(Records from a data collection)

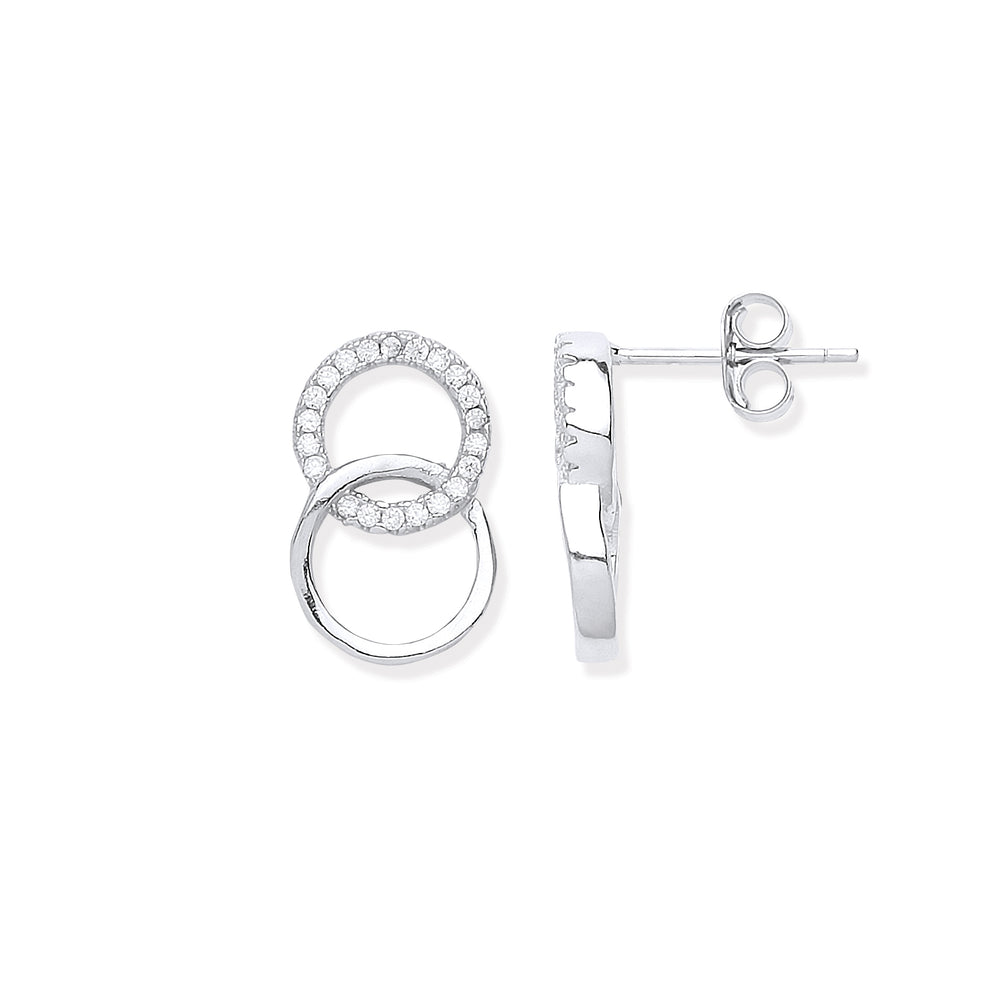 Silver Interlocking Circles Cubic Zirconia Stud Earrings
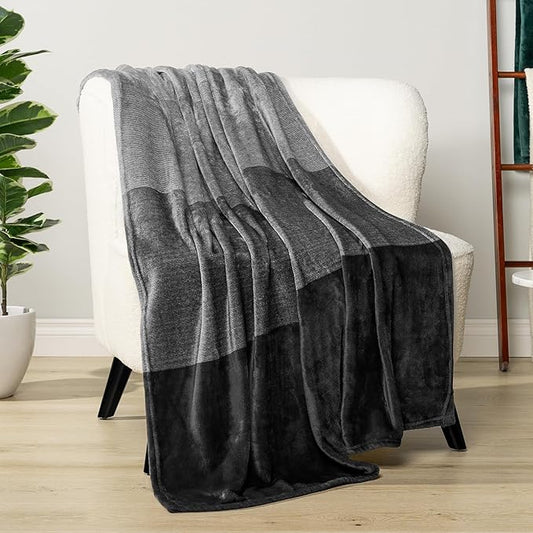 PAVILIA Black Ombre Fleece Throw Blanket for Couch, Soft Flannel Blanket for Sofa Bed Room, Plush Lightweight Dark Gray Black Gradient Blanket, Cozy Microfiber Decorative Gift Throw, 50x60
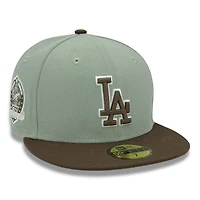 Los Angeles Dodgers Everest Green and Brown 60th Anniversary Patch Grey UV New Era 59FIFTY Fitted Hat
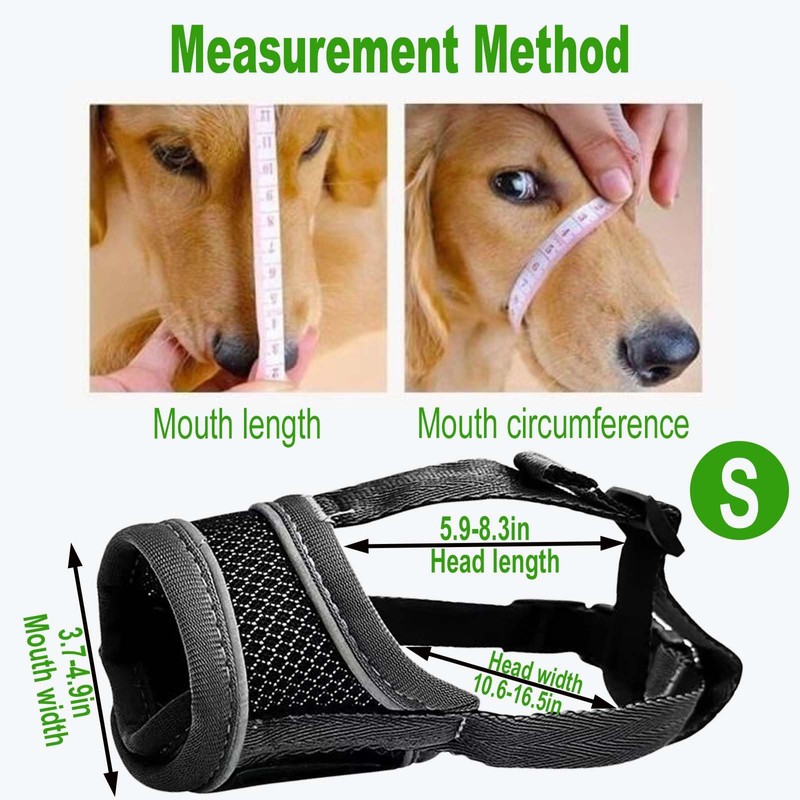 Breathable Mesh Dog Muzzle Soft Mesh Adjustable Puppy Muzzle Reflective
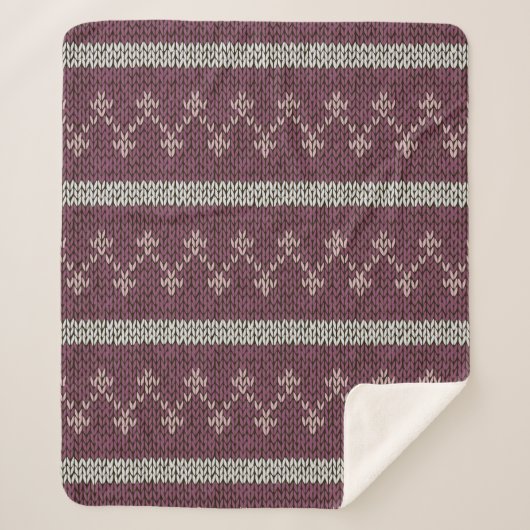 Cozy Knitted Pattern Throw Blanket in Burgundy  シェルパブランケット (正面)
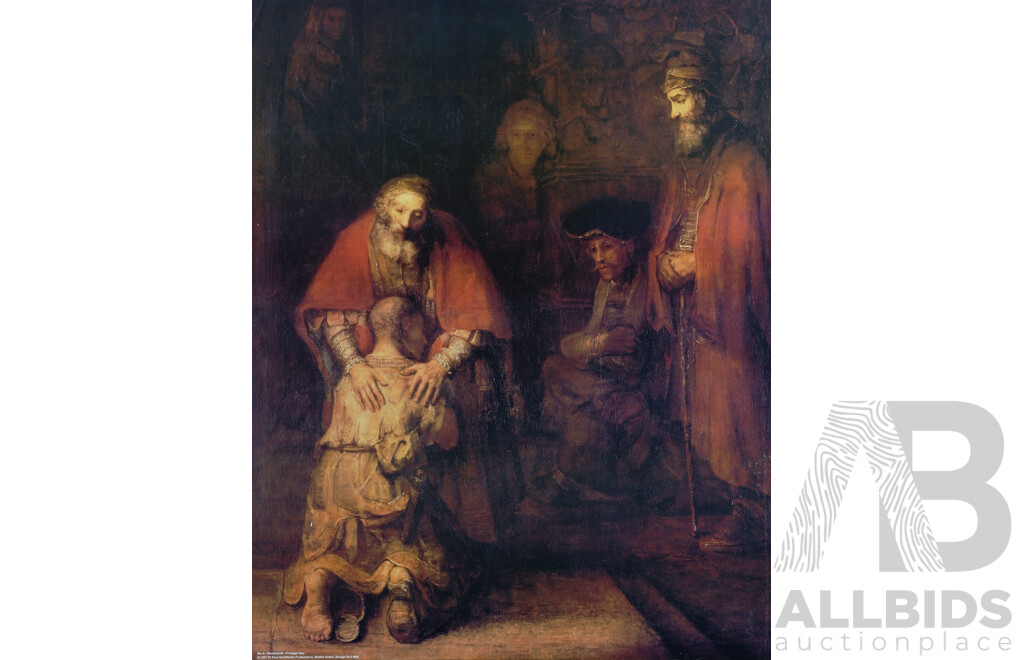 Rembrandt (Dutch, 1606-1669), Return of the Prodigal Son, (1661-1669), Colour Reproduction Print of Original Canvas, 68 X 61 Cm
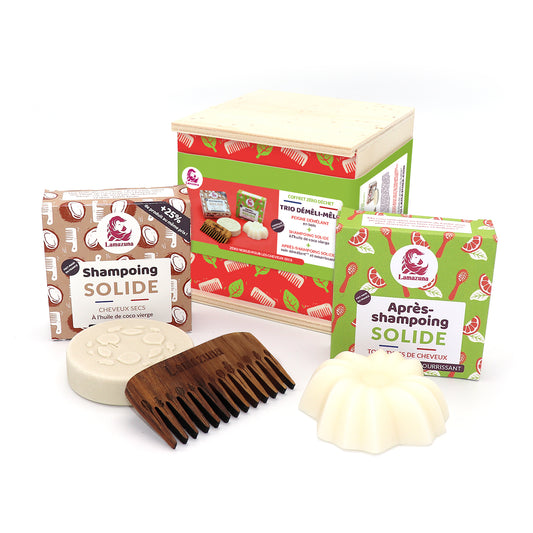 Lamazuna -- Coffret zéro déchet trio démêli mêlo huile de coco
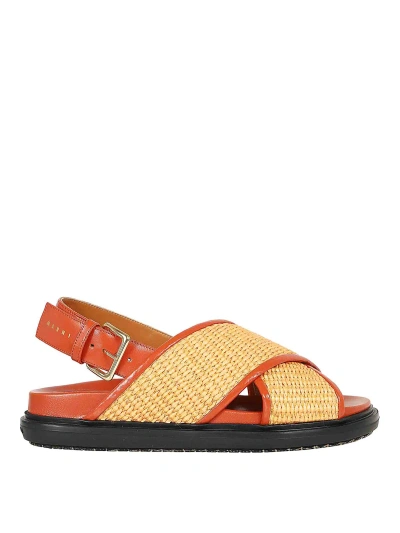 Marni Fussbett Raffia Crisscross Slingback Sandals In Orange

## Exercise prompt
Retype exactly the lines from the one containing "Cozy Knitted Pattern" through the last line of the records above, both included, and leave out any pictures.

## Solution
 Cozy Knitted Pattern Throw Blanket in Burgundy  シェルパブランケット (正面)
 Rembrandt (Dutch, 1606-1669), Return of the Prodigal Son, (1661-1669), Colour Reproduction Print of Original Canvas, 68 X 61 Cm
 Lamazuna -- Coffret zéro déchet trio démêli mêlo huile de coco
 Marni Fussbett Raffia Crisscross Slingback Sandals In Orange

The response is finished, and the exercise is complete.